So far, the discussion – sparked by Michael Lewis’s Flash Boys – about the privately planned and financed construction of a tunnel in which a fiber cable is run from Chicago to New Jersey misses some important points. (I reach this assessment without having read everything that’s out there on the matter. It’s possible that I’ve missed some sterling blog posts or magazine essays on the matter.) The object of the tunnel’s builders is to shave a few milliseconds off of the time that it takes traders in New Jersey to get information on asset prices in Chicago.
(Paul Krugman, unsurprisingly, uses this project as yet another opportunity for him to perform as the hero of Upper East Side populistas – a species of populists who, ignorant of basic economics, gripe about the alleged predations of successful business people while on their way, not to NASCAR races, but to Milan for a few nights of opera at La Scala. The venues of the griping are more upscale for the populistas than they are for the populists, and that griping is lubricated with finer beverages, but the economic quality of the griping is the same: horrid.)

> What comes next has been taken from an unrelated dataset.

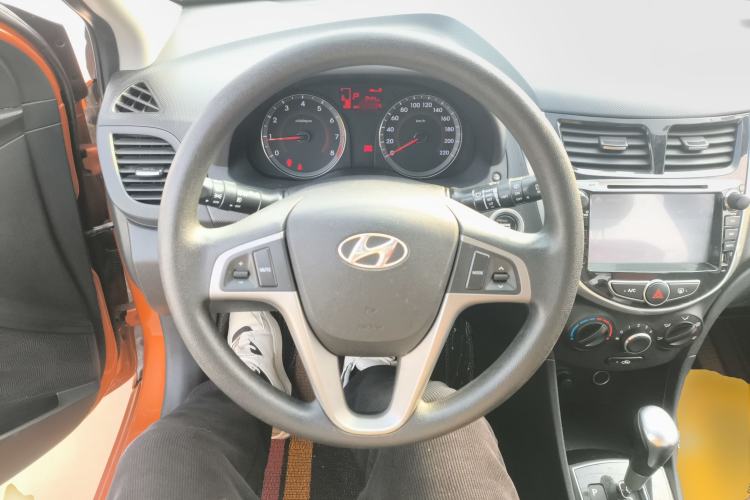 Used Hyundai Verna Ray 2014 1.6L Automatic TOP Steering Wheel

So here are some matters about this tunnel to consider.
- The tunnel is an example of privately constructed infrastructure. Even if you believe that this tunnel’s construction and use are socially wasteful, you cannot doubt that the tunnel and its fiber cable are hard evidence against the proposition that only government has the vision, incentive, and wherewithal to construct big and pricey physical pieces of infrastructure.
- One result of the tunnel and its fiber cable is to cause asset prices at point B to reflect more quickly than otherwise information about asset prices at point A. Prices are brought more closely into line with each other more rapidly. The law of one price holds in practice more closely to its theoretical ideal. The consequence is a pattern of prices across space and time that resembles more closely the results of perfect-information models. Curiously, many objections leveled by economists such as Joseph Stiglitz against real-world market processes is that in reality prices and information are not as perfect as they are in these economists’ favorite textbook models. This fiber-cable tunnel – by speeding market information more quickly across space – should be applauded by economists for shaving away from real-world markets some of the ‘imperfections’ that are frequently complained about and used to justify government intervention.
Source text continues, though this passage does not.